* [TASK REQUIREMENTS]:
Transcribe exactly the lines from the one containing "Used 2011 Toyota" through the end of the entries, including both the first and the last, and nothing else.

---------- PROVIDED ENTRIES

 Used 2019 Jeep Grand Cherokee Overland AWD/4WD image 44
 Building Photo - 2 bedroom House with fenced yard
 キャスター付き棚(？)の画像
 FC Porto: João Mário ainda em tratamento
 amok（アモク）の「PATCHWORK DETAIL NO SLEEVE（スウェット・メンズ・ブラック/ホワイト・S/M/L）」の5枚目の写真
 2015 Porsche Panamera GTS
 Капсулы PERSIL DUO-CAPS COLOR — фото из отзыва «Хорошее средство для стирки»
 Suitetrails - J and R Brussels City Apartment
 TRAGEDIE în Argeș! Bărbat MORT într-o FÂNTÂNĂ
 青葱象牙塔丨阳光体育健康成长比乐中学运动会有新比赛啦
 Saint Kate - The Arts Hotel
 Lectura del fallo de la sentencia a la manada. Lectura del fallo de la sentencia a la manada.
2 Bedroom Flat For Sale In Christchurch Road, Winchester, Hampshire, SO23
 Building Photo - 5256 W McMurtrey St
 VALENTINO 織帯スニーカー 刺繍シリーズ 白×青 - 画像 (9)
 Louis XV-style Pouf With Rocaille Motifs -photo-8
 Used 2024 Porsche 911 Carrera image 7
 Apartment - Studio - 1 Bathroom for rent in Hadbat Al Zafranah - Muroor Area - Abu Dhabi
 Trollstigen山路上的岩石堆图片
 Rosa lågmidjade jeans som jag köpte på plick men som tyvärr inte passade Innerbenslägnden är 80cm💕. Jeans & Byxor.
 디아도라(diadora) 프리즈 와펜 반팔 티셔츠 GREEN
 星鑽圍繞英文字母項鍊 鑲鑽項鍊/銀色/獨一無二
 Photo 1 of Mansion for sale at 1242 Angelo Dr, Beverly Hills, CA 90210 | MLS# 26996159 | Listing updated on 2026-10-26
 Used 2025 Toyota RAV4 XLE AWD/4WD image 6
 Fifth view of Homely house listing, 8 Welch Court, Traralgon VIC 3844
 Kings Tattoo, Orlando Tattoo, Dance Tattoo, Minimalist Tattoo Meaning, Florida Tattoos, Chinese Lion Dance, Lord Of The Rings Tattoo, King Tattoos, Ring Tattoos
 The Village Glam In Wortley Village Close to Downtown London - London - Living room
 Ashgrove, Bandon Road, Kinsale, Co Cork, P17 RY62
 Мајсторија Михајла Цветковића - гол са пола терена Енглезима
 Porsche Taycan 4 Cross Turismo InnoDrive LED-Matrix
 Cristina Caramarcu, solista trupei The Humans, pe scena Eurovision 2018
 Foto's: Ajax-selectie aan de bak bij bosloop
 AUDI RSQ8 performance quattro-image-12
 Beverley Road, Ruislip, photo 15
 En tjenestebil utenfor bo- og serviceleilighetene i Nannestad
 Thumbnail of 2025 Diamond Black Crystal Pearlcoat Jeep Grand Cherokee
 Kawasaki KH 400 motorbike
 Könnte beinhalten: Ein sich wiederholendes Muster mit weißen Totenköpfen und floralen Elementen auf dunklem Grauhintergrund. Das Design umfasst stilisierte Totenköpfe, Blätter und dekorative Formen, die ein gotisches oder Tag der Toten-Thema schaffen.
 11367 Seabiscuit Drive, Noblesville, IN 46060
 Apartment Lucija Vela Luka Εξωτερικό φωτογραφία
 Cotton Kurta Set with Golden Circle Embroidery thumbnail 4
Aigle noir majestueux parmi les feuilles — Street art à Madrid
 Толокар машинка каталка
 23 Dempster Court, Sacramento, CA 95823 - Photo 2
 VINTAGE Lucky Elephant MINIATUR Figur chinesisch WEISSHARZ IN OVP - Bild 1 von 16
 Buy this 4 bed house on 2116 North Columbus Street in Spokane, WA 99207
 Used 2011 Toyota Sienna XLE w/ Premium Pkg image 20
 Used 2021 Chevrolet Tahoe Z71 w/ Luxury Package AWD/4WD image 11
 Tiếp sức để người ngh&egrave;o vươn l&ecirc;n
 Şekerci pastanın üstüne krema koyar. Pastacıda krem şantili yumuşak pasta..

--------------------

* [TASK RESULT]:
 Used 2011 Toyota Sienna XLE w/ Premium Pkg image 20
 Used 2021 Chevrolet Tahoe Z71 w/ Luxury Package AWD/4WD image 11
 Tiếp sức để người ngh&egrave;o vươn l&ecirc;n
 Şekerci pastanın üstüne krema koyar. Pastacıda krem şantili yumuşak pasta..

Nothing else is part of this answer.